■ REQUIREMENT ■
Of all the lines below, output only those starting at the one with "THREE EARLY HALLOWEEN POSTCARD" and ending at the one with "DEAR DEER PUFF Down Jacket Women's Khaki", both ends included, exactly as written.

■ DATA FOR THE TASK ■
-------------------------

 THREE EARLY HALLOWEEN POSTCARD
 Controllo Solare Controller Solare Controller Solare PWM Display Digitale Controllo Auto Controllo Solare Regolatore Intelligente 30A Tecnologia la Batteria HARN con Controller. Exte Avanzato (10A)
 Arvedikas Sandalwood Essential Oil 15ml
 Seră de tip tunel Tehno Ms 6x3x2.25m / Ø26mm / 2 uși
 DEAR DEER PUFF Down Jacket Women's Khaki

-------------------------

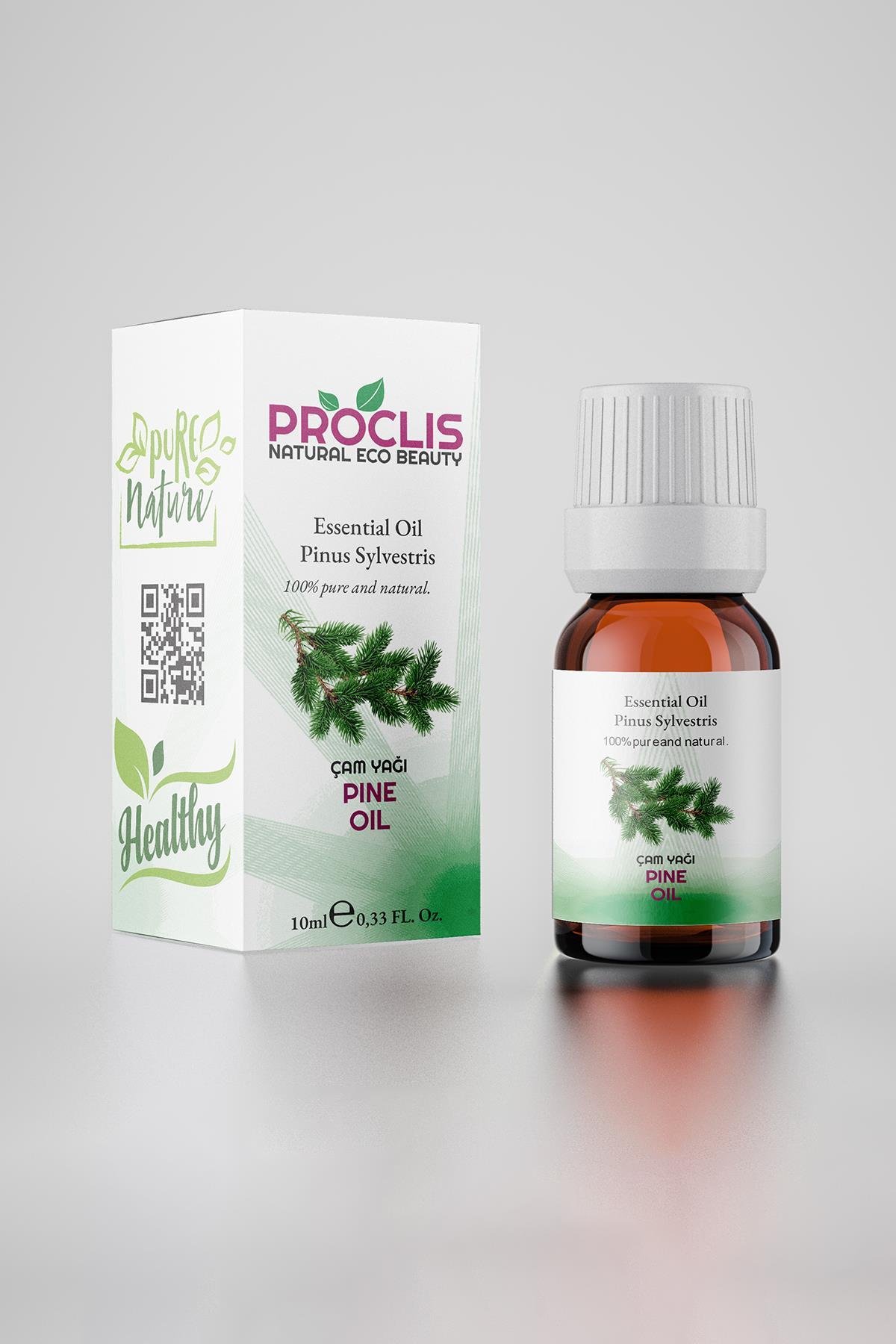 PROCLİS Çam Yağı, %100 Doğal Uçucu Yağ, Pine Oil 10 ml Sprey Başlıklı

-------------------------

■ SOLUTION ■
 THREE EARLY HALLOWEEN POSTCARD
 Controllo Solare Controller Solare Controller Solare PWM Display Digitale Controllo Auto Controllo Solare Regolatore Intelligente 30A Tecnologia la Batteria HARN con Controller. Exte Avanzato (10A)
 Arvedikas Sandalwood Essential Oil 15ml
 Seră de tip tunel Tehno Ms 6x3x2.25m / Ø26mm / 2 uși
 DEAR DEER PUFF Down Jacket Women's Khaki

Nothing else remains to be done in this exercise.